Дабы показать, что этой традиции недостаточно для социального действия, французские писатели надевали экзотические маски: вспомним «Персидские письма» (1720) Монтескье или «Задиг» (1748) Вольтера; только восточные одежды позволяли сказать, что между риторикой и реальной политикой имеет место серьезный разрыв. Лотреамон – опуская все промежуточные звенья – как раз показывал, как можно рационализировать эмоции, причем самые темные, близкие одержимости, не на школьной скамье, независимо от школьных уроков. Для любого французского школьника все было понятно: сожженная рука – Муций Сцевола, окровавленный меч – Брут, бедные стены дома – Фабриций. Эти римские героические фигуры предшествовали всему страшному, странному, ужасающему, тогда как Лотреамон заново, независимо от этих школьных фигур собрал мир, в котором отрубленные руки, выколотые глаза, голод, несчастье, насилие существуют независимо от эпизодов римской истории, но в полном соответствии с общей логикой этого мира.
Два произведения Лотреамона, которые вошли в эту книгу, «Песни Мальдорора» и «Стихотворения», написаны очень по-разному. «Песни Мальдорора» имитируют готическую прозу, только от первого лица, как если бы кто-то, излагая готический роман, стал бы говорить одновременно от лица странника в черном плаще и даже от лица самого мрачного замка. Так, вживаясь сразу во множество образов, иногда пересказывают книги дети, но во французской традиции это восходит к одной из древнейших, еще античных форм сочинения – «просопопеи», речи от лица какого-то исторического деятеля. Эти упражнения, к которым восходят и наши школьные рассуждения об «образе Онегина» и «образе Печорина», должны были раскрыть Перикла или Сократа: учащийся должен был сочинить за них речь, которую те произнесли бы в неожиданной ситуации. Но если говорят статуарные герои Античности, то почему не могут начать говорить вещи? Заслуга Лотреамона в том, что он объединил все эти речи: речи палача и плахи, клеветника и брюзги, завистника и сладострастника звучат в одном мире и от одного лица.

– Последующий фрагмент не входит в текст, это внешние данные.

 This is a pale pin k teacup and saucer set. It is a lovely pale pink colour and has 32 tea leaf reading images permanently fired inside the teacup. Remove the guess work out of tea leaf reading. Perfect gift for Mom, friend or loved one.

«Стихотворения» – это, наоборот, рациональный взгляд на поэтическую традицию, суд над ее эмоциональностью и как бы торопливостью; взгляд, который сам превращается в самостоятельное произведение. Эта техника, конечно, напоминает элегический жанр, который, будучи пронизан самыми печальными эмоциями, общей регулярностью настроения сдерживает их, позволяет поглядеть на них несколько со стороны. Опять же прорыв Лотреамона в том, что он не останавливается на каком-то одном настроении, но предлагает сразу множество вариантов: он спорит, обличает, размышляет, каталогизирует и показывает, что здесь нет ничего неизменного; при этом на эмоции можно посмотреть вполне отстраненно. Этим, конечно, он предвосхищает то, что мы называем современным искусством – где жанр не существен, стратегии и тактики художника будут самыми неожиданными, но при этом мы знаем, что данное произведение состоялось как факт искусства. При этом и «Песни Мальдорора», и «Стихотворения» написаны прозой – такова как раз классическая образовательная французская традиция: жесткая позиция ударения во французском языке не позволяла переводить античных поэтов с соблюдением метрики оригинала, поэтому все знали, что, если не говорить о поэтических переложениях, достоверный научный перевод Овидия или Авзония выполнен в прозе – каким-нибудь аббатом.